Everything from the line containing "Damen bonprix Bekleidung·Outdoorbekleidung|Bekleidung·Shirts" through the last line of the entries needs to be repeated exactly. Pictures must be left out.

===== MATERIAL FOR THE TASK =====

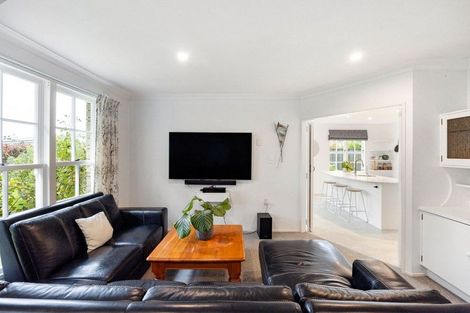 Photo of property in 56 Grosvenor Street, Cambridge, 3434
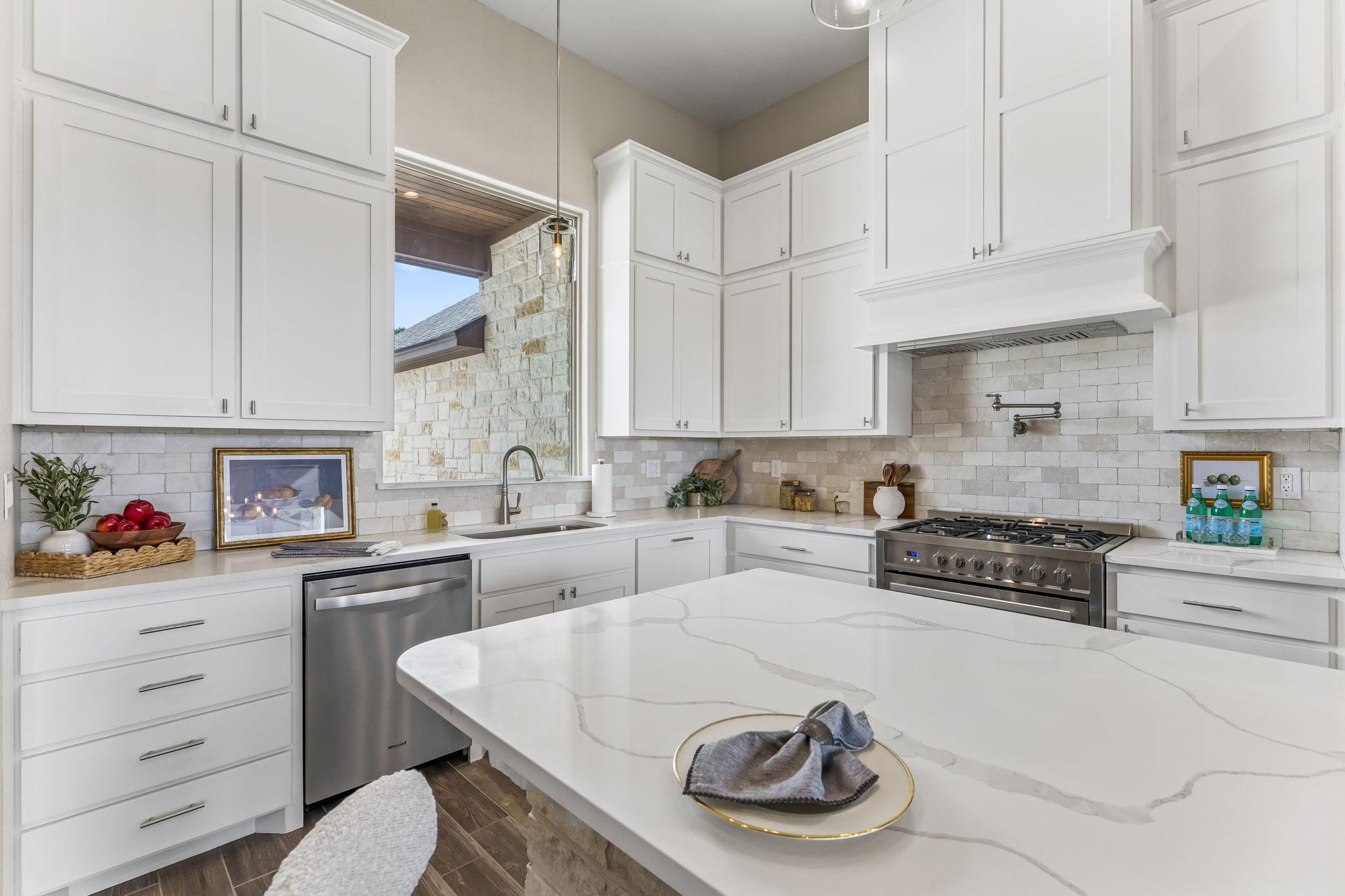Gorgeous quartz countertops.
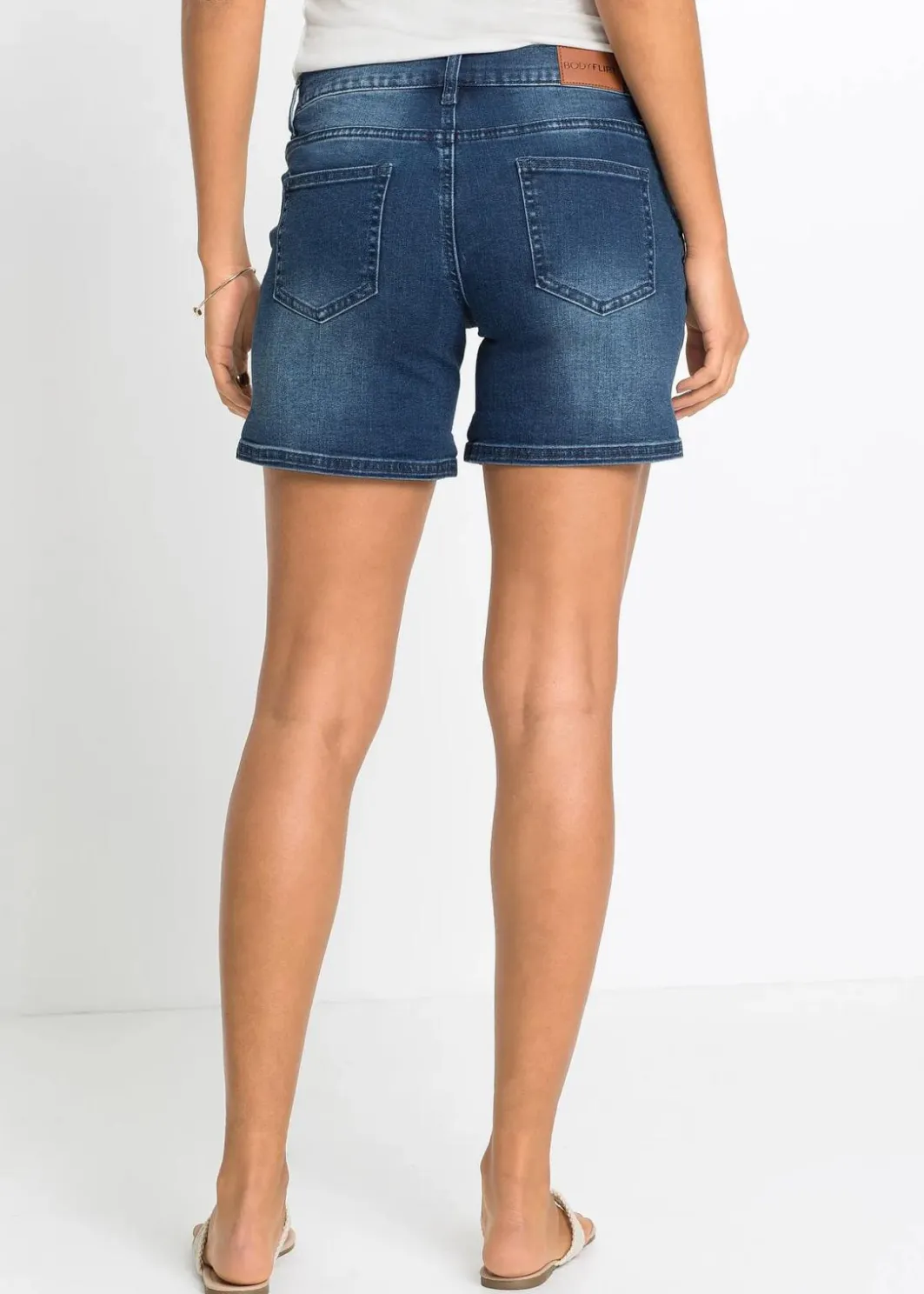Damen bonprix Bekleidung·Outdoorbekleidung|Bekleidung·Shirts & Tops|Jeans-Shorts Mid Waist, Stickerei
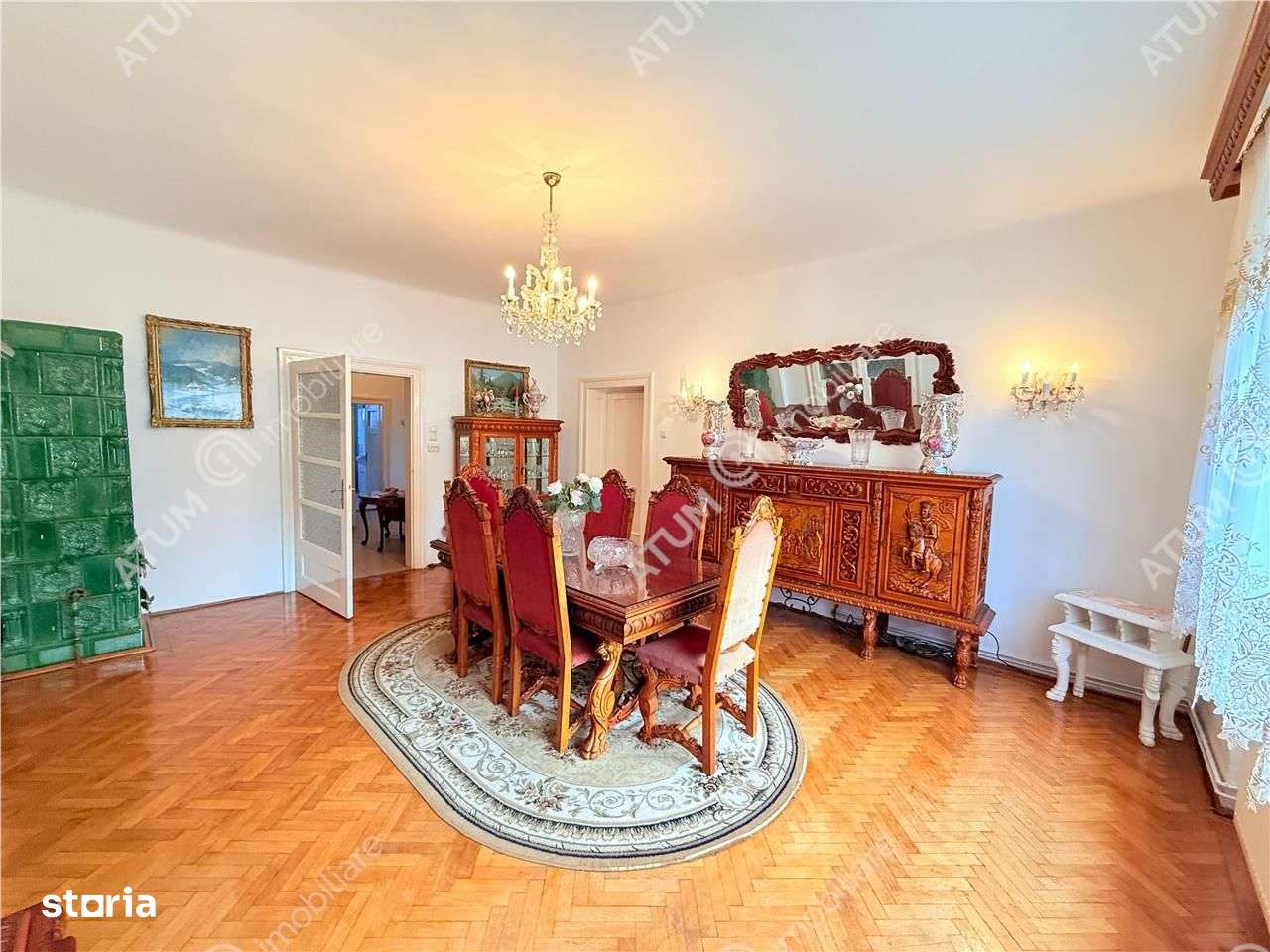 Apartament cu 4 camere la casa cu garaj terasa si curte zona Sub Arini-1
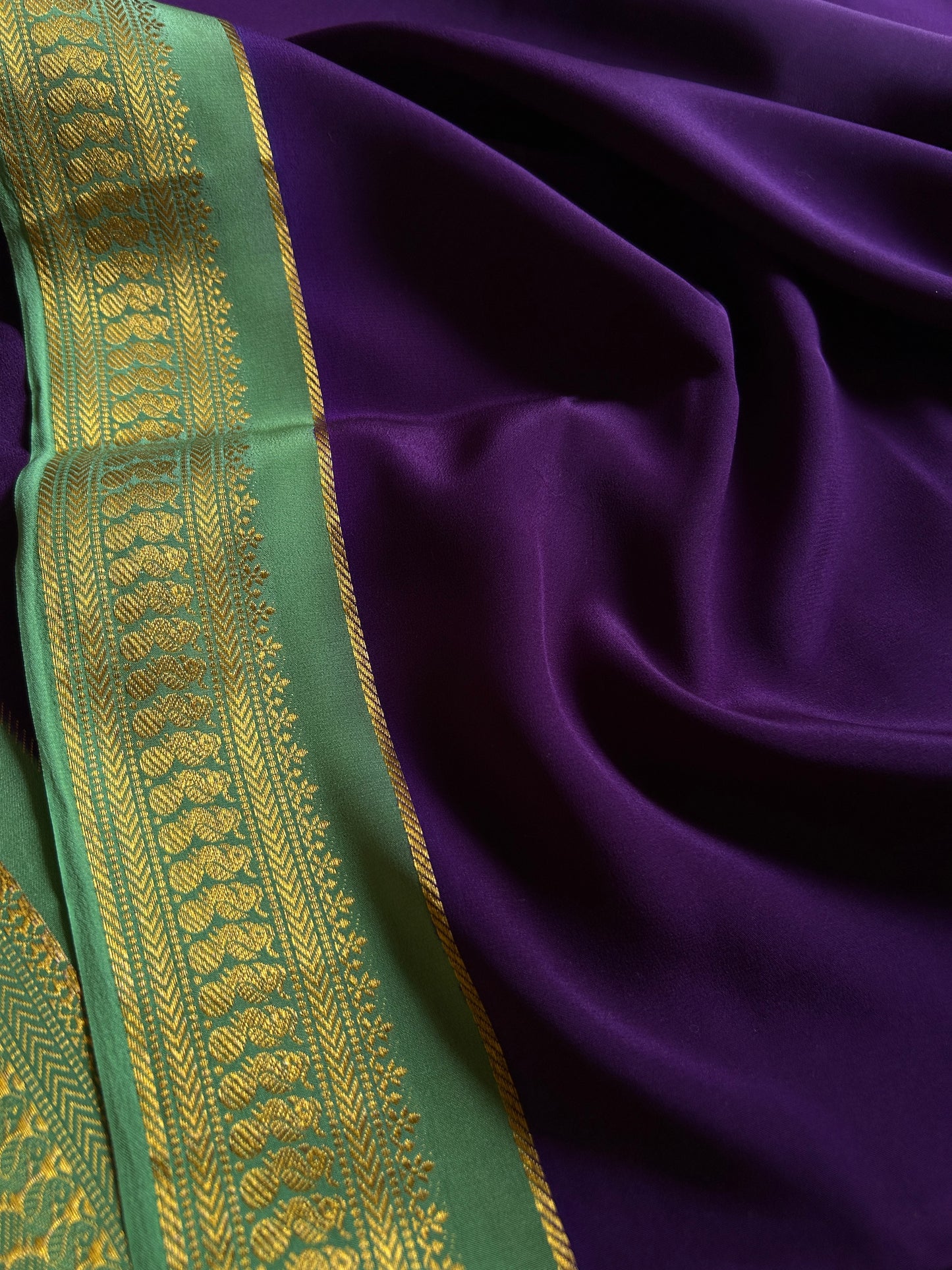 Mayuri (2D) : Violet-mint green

=====

**RESULT:**
Damen bonprix Bekleidung·Outdoorbekleidung|Bekleidung·Shirts & Tops|Jeans-Shorts Mid Waist, Stickerei
 Apartament cu 4 camere la casa cu garaj terasa si curte zona Sub Arini-1
 Mayuri (2D) : Violet-mint green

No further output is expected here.